───── The input ─────
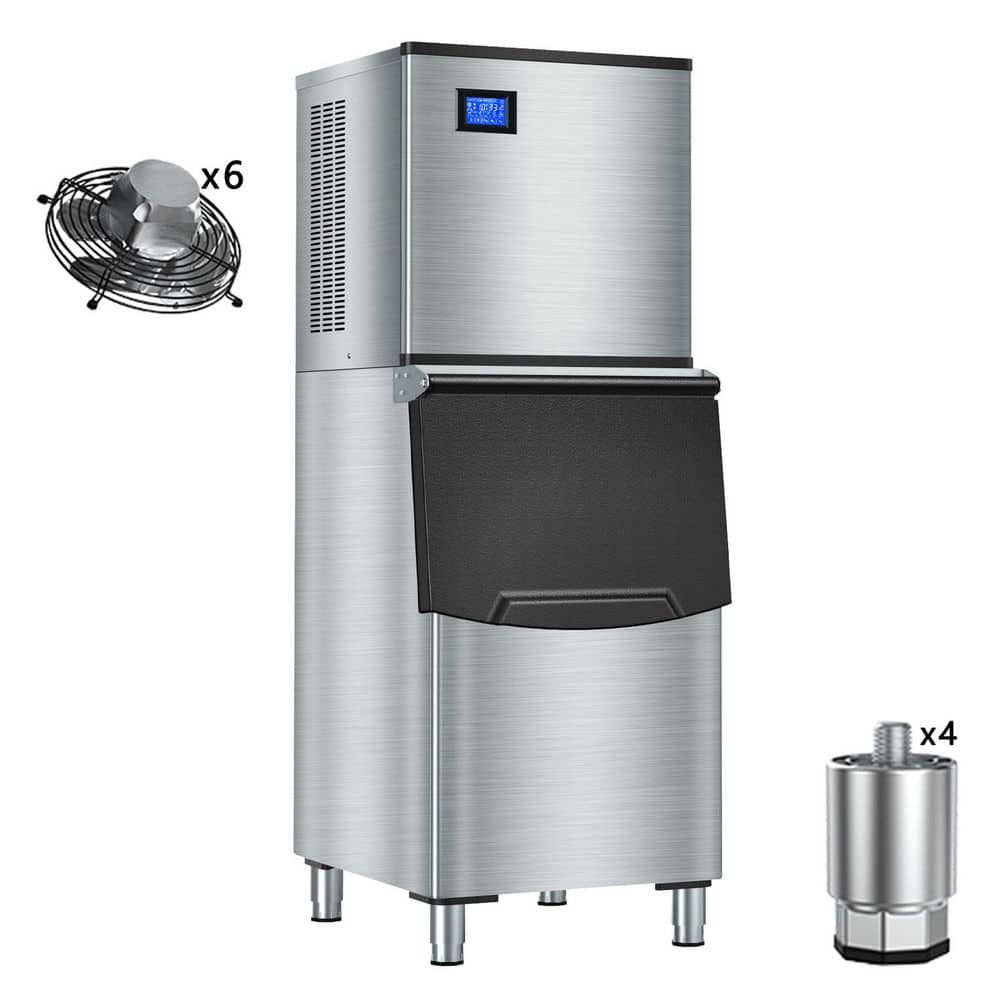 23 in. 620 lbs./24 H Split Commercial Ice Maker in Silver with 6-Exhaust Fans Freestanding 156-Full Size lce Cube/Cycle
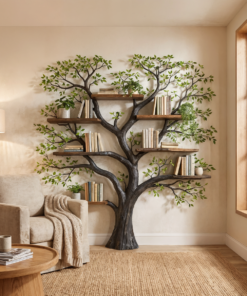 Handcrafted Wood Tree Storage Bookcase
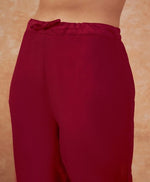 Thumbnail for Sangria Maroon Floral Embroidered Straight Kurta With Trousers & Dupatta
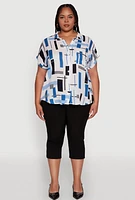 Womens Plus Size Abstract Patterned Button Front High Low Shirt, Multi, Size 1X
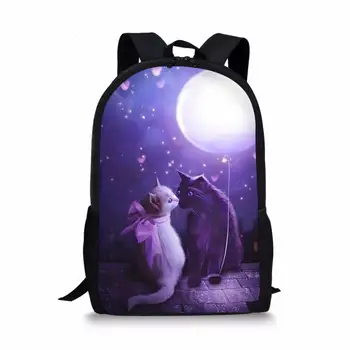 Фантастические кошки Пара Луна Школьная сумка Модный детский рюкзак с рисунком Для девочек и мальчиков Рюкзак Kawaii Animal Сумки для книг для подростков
─────
**What you will do:** Produce the entries above once more, exactly as given, with each picture left out.

**Response to this exercise:**
 23 in. 620 lbs./24 H Split Commercial Ice Maker in Silver with 6-Exhaust Fans Freestanding 156-Full Size lce Cube/Cycle
 Handcrafted Wood Tree Storage Bookcase
 Thumbnail for Sangria Maroon Floral Embroidered Straight Kurta With Trousers & Dupatta
 Womens Plus Size Abstract Patterned Button Front High Low Shirt, Multi, Size 1X
 Фантастические кошки Пара Луна Школьная сумка Модный детский рюкзак с рисунком Для девочек и мальчиков Рюкзак Kawaii Animal Сумки для книг для подростков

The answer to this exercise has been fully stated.